Indeed, when our conversation flowed onto what the next step in Bimble’s growth is, Julia emphasised how they want to make the businesses shine through. “We aim to develop really bespoke services to help the businesses communicate with the audiences we’ve collected for them. We want to hear the story behind a specific bar — are they sustainable? Do they treat their team well? What were they inspired by? We don’t normally hear the stories of the businesses and they don’t really have a space to express these stories”.
Next, as any conversation tends to do in this day and age, our chat drifted towards the impact of the pandemic. Julia joked about the “dramatically bad timing” that the app was launched at, just “three weeks before the first lockdown. An app all about visiting places launched in time for a pandemic, crazy! Nonetheless, it was really interesting as still during that period we saw people signing up, listing places, and making wish-lists and plans. So we still grew strongly during that period”.

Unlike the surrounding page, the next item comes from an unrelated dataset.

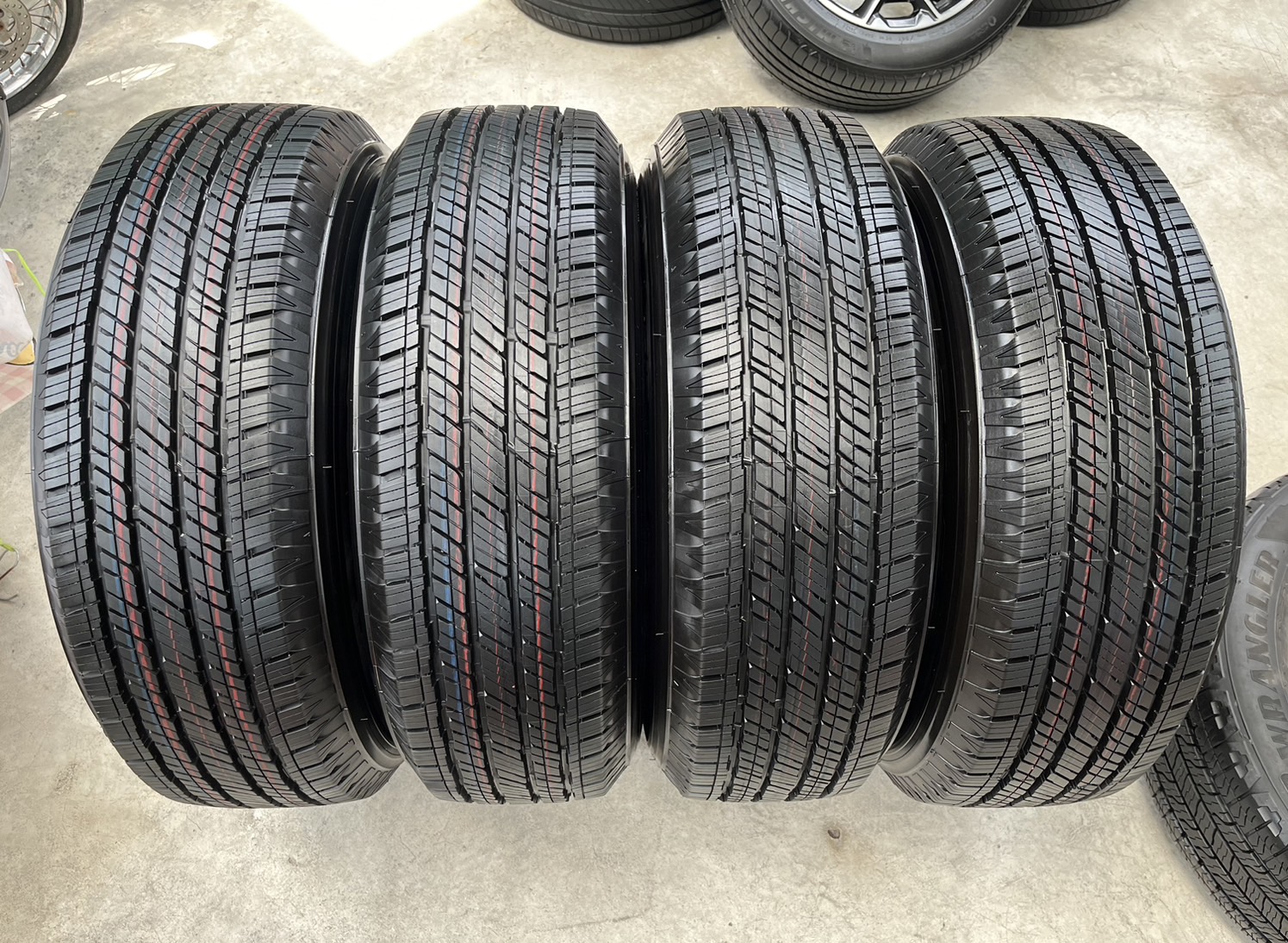 ♨️ปี24♨️✨ล้อแม็กพร้อมยางใหม่ป้ายแดง✨Ford Ranger รุ่นใหม่ล่าสุด ขอบ 17💖ใหม่กริ๊บ💖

Another challenge that the Bimble team is still facing is that their tech team and programmers are all Ukrainian, based in an office in Kyiv. “All but two of them were in the country when the war began, and only the women are allowed out of the country, so we still have a majority of our team in the Ukraine. That has obviously been very challenging, since they live in such a difficult situation. They’re incredibly resilient people, and determined, and keen to make the most out of everything they can. After a couple of weeks finding their feet they actually all decided to continue working remotely, which was amazing. We’re a very close-knit team, and it’s just made us even closer really”.
When I asked whether Julia had any advice for students about creating a social platform from scratch, she replied that “the main thing is to be super resilient, really believe that what you’re doing is something which will add value to the world. If you’re flexible and open to adjusting your course, then you’ve got what it takes. It’s hard work, so you shouldn’t go into it thinking it will be a breeze, because it’s not. But it’s really rewarding and exciting. It’s really interesting to work in technology because of how reactive it is. If your customers are behaving in a certain way, or have feedback for you, you can constantly and immediately change your course”.
Julia expressed how much she would encourage young people to explore careers in technology. “We are a female co-founded business, in our office here in Oxford we are all women. We would encourage people to work in technology — you don’t have to be trained in it to work for it; as well as roles in programming there are also positions in marketing, storytelling, community building, every kind of role you can imagine”. She went on to mention the “week-long internships that Bimble offers for students. We generally put together groups of five or six students at a time. It’s just work experience, so it’s not paid, but it is fun: it involves writing an article, creating a video, doing research about places to go, using the product, and giving feedback.”